Great effort has been expended trying to unravel the mysteries of who Shakespeare was, yet there is another great English writer who is equally mysterious. We all have questions about John Keats. Why does he use so many strange allusions to Greek mythology? Why is “Ode on a Grecian Urn” so famous? Why does he seem constantly depressed and whining? Why did he die so young? What on Earth is going on at the end of “On Seeing the Elgin Marbles?” What we have failed to realize is that there is a simple explanation for all of this, an explanation that we have for too long sought to ignore. It is time at last to embrace the simple truth: Keats was in IB.
The evidence has been staring us in the face all along. First of all, consider his strong desire for sleep, shown in “Ode to Indolence.” Angrily, he asks, “Was it a silent deep-disguised plot / To steal away, and leave without a task / My idle days?” and echoes exactly the sentiment of all IB students. Yet, despite his insistence that he has seen through the plot and his refusal to do accept the ridiculous workload (“So, ye three ghosts, adieu! Ye cannot raise / My head cool-bedded in the flowery grass”) he has gone on to write the poem and four more afterwards. Evidently he is suffering from the usual IB work habits; his guilt won’t permit him to sleep, but his procrastination instinct causes him to do almost anything other than the real assignment. Thus, he wrote a series of poems instead.
The psychological effects of IB are clearly visible as well. We see the characteristic struggle with depression in “Ode on Melancholy.” We see the inevitable love-hate relationship with English literature in “Indolence,” as Keats describes poetry as “The last, whom I love more, the more of blame.” We see the hopelessness of being confronted with an impossible workload in “Elgin Marbles,” where he states that “each imagined pinnacle and steep / Of godlike hardship tells me I must die,” no doubt as he seeks to complete his Extended Essay on ancient Greek artwork. Unsurprisingly, at the end of this same poem, we see the typical reaction of an IB student who finishes his EE, goes outside, and sees the sun for the first time in weeks or months: degeneration into a profoundly amazed but grammatically confused state. (“So do these wonders a most dizzy pain, / That mingles Grecian grandeur with the rude / Wasting of old time—with a billowy main— / A sun—a shadow of a magnitude.”)
And, of course, Keats recognizes the most horrifying truths about IB. For example, he realizes that though two years sounds like a long time, it is in fact very short. Thus he is horrified to realize he has been slacking off and enjoying himself, asking “Why did I laugh tonight?” He has realized also that the Programme has been engineered so that to score maximum points requires an effort greater than that which will result in death, and, typical of an IB student’s twisted sense of priorities, his great fear is that his death will occur before he has time to finish his exams, describing “fears that I may cease to be / Before my pen has glean’d my teeming brain.”

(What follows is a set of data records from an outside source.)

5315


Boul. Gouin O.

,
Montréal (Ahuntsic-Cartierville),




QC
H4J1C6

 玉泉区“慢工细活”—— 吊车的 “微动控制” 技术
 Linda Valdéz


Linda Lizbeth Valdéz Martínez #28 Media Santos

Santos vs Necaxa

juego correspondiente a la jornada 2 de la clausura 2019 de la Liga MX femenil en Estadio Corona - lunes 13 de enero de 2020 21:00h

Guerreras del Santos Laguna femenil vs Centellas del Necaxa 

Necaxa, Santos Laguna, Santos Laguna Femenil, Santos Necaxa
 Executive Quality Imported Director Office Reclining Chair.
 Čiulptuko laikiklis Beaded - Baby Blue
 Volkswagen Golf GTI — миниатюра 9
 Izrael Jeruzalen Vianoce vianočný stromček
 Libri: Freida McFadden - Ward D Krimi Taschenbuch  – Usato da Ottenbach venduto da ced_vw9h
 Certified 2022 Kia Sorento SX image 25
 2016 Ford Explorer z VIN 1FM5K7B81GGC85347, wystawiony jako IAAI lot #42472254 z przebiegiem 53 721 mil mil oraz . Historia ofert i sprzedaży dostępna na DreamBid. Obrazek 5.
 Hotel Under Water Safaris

Now, there may be those who will object to this interpretation. Among the facts that may be brought up is that the IBO wasn’t founded until the late 1960s, a number of years after Keats’ death. In response to this, I should like to point out that nitpicking over chronology has never been the role of the studier of literature. We would never allow the detail that the atomic bomb was invented after the story “By the Waters of Babylon” was written to affect the fact that the story clearly deals with the results of a nuclear holocaust, or the detail that The Lord of the Rings was planned before World War II to keep us from recognizing Tolkien’s work as an allegory of this real-world war. We have never hesitated to find Freudian and feminist messages in texts predating both Freud and feminism. Likewise, the proof that Keats was in IB is in the texts; the details of how this could have occurred should be left to the historians.